## Material for this task
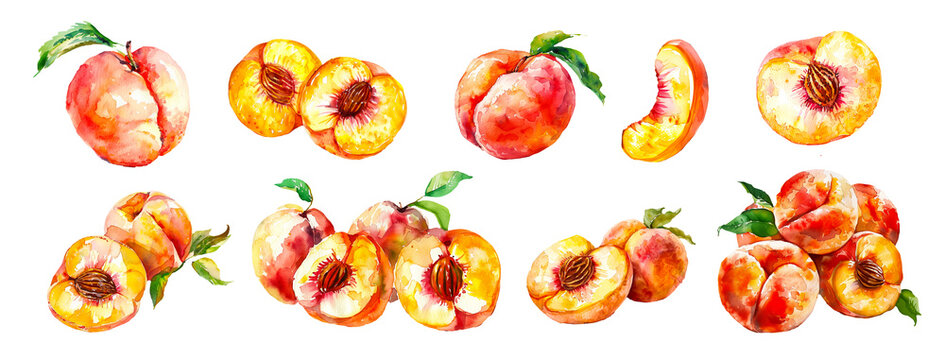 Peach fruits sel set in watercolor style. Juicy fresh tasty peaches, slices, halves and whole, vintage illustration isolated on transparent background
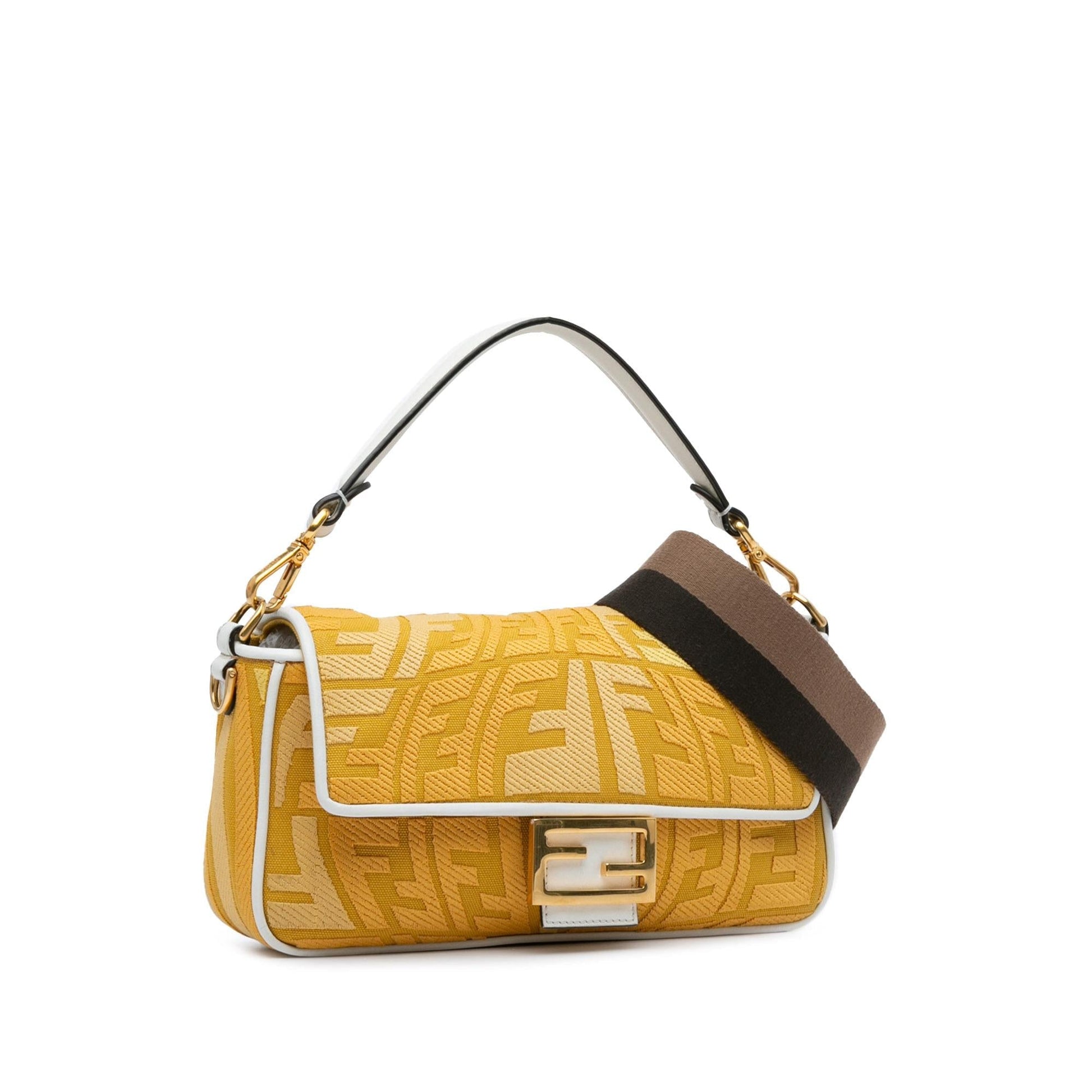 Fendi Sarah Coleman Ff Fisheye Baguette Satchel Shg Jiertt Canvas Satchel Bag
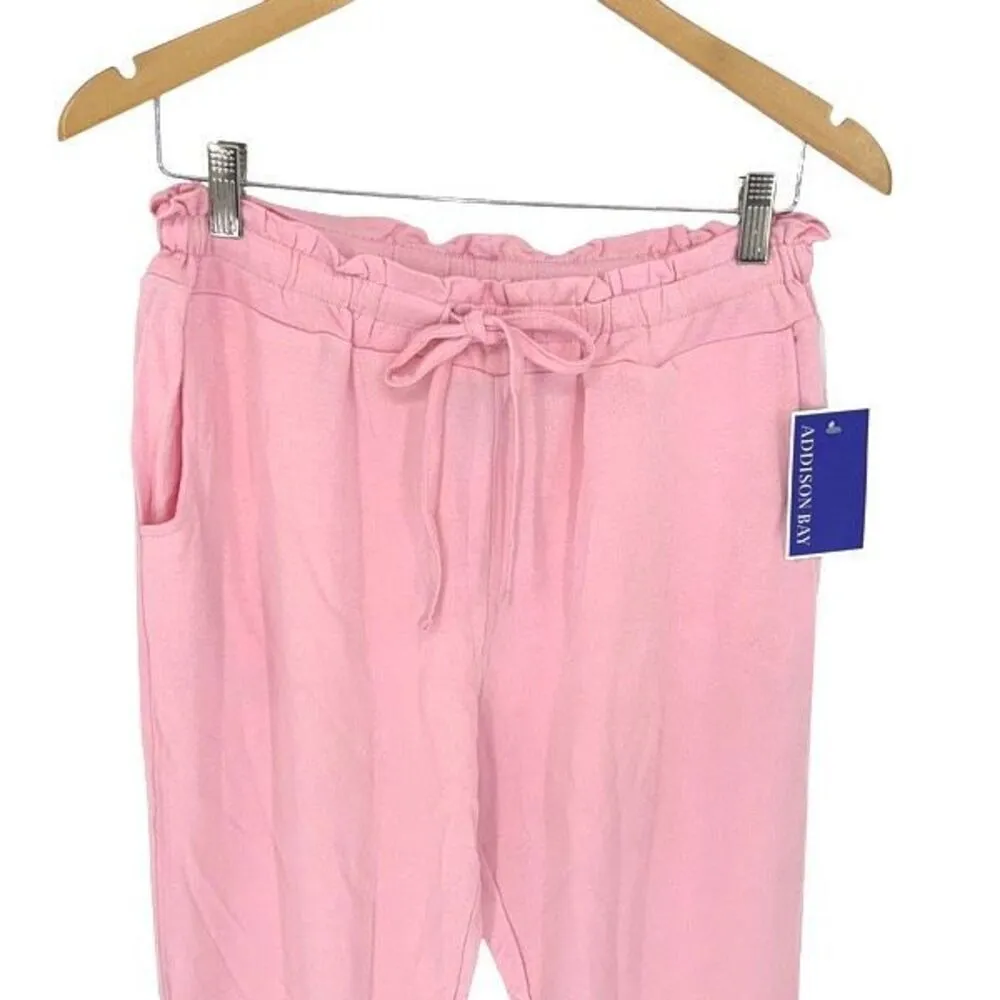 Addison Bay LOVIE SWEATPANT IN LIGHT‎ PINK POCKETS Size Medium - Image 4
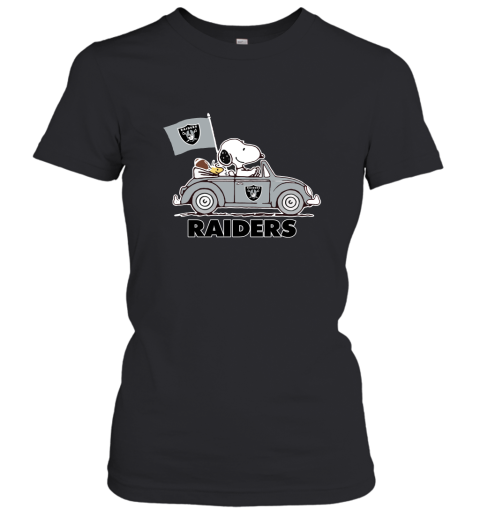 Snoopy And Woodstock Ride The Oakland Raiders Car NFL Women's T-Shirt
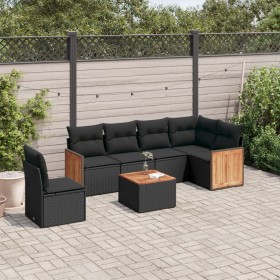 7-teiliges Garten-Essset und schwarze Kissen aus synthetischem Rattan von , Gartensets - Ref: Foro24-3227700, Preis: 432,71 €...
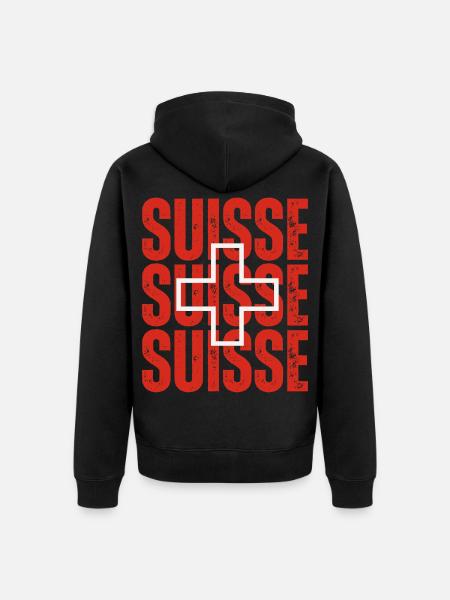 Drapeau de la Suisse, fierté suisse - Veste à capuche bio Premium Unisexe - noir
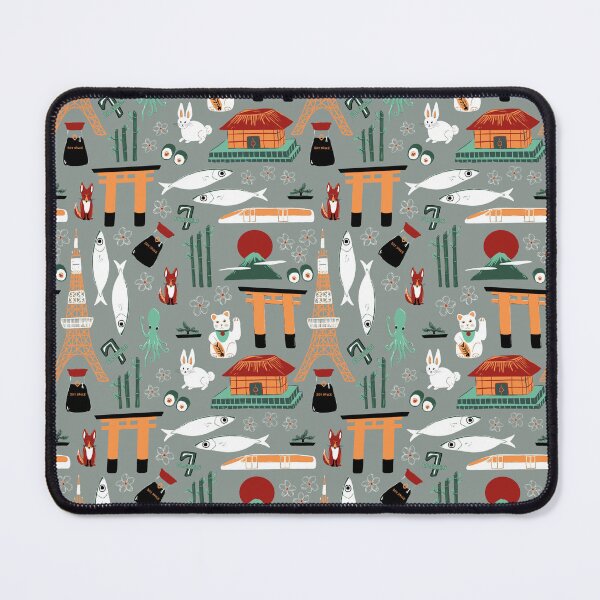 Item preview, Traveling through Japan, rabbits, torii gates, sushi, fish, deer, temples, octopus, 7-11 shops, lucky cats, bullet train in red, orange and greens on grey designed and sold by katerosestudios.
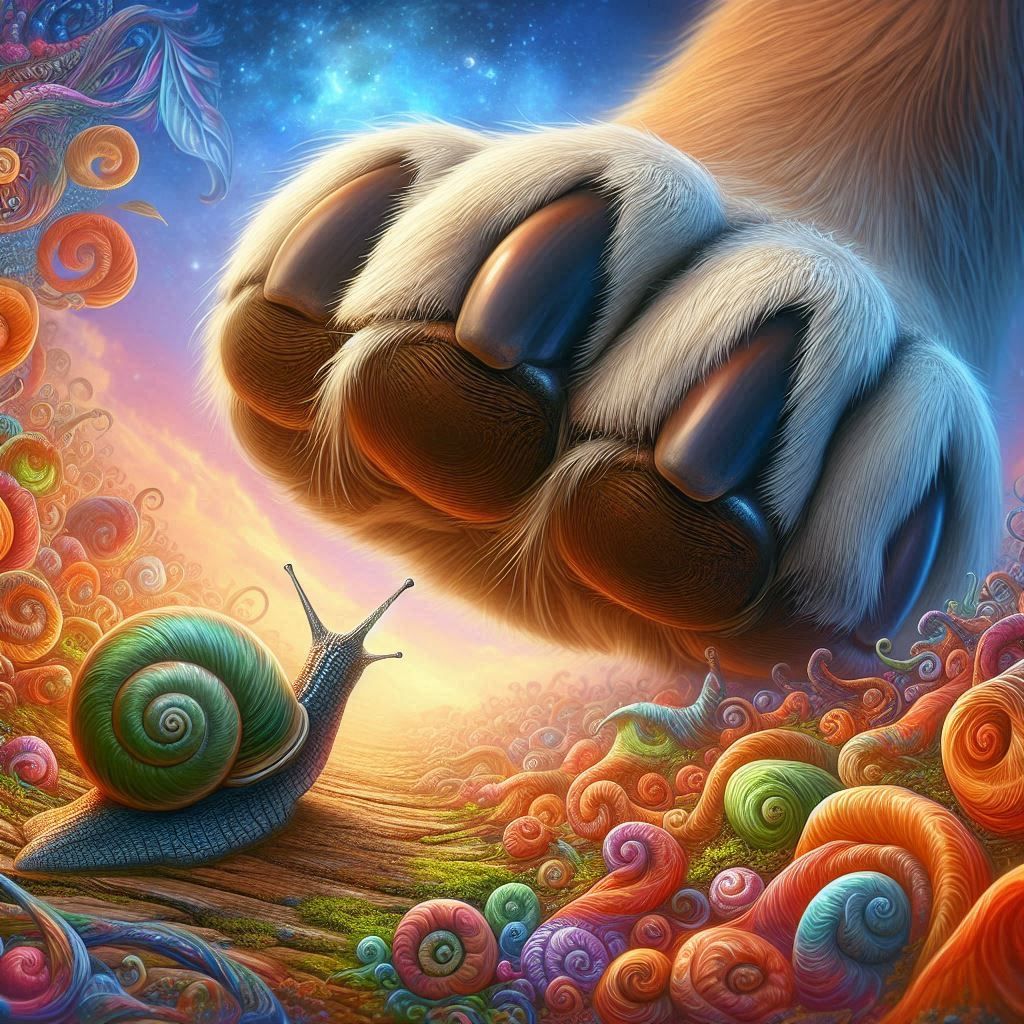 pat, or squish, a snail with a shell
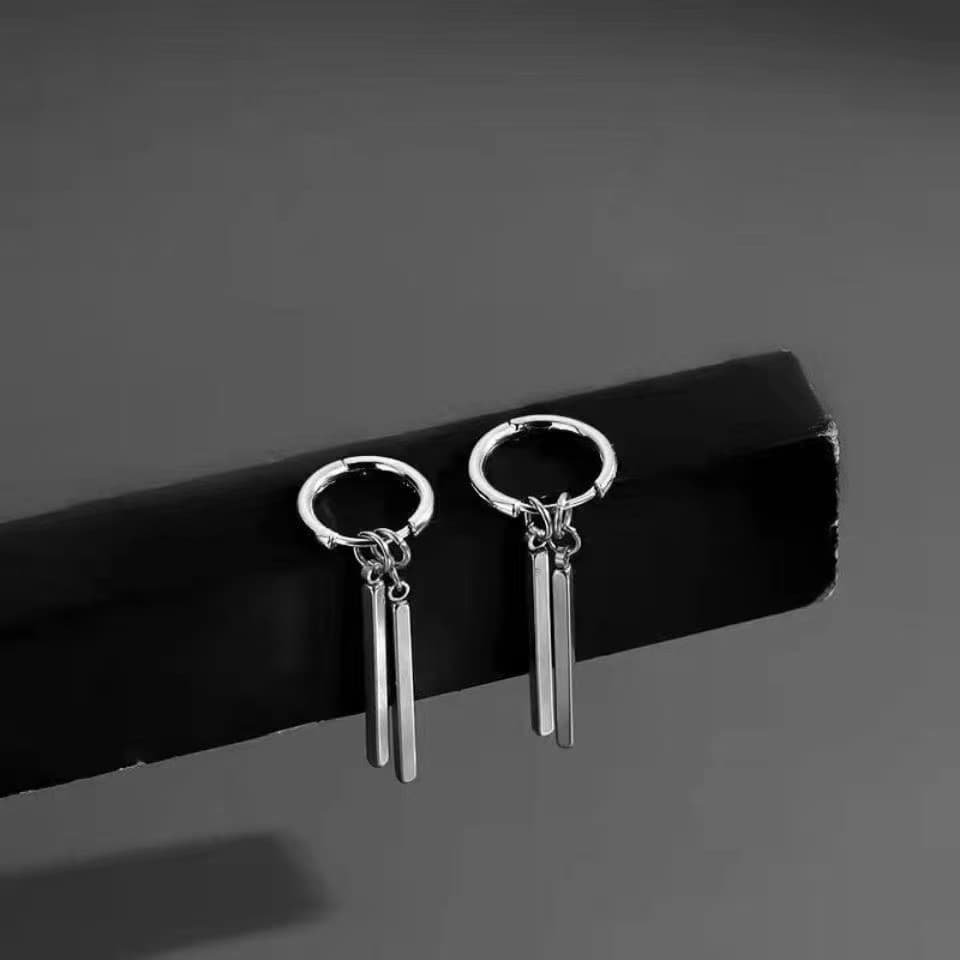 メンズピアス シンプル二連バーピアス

## Activity
All pictures must be left out. Reproduce exactly the lines from the one containing "Drapeau de la" to the final line of the entries.

## Task output
 Drapeau de la Suisse, fierté suisse - Veste à capuche bio Premium Unisexe - noir
 Item preview, Traveling through Japan, rabbits, torii gates, sushi, fish, deer, temples, octopus, 7-11 shops, lucky cats, bullet train in red, orange and greens on grey designed and sold by katerosestudios.
 pat, or squish, a snail with a shell
 メンズピアス シンプル二連バーピアス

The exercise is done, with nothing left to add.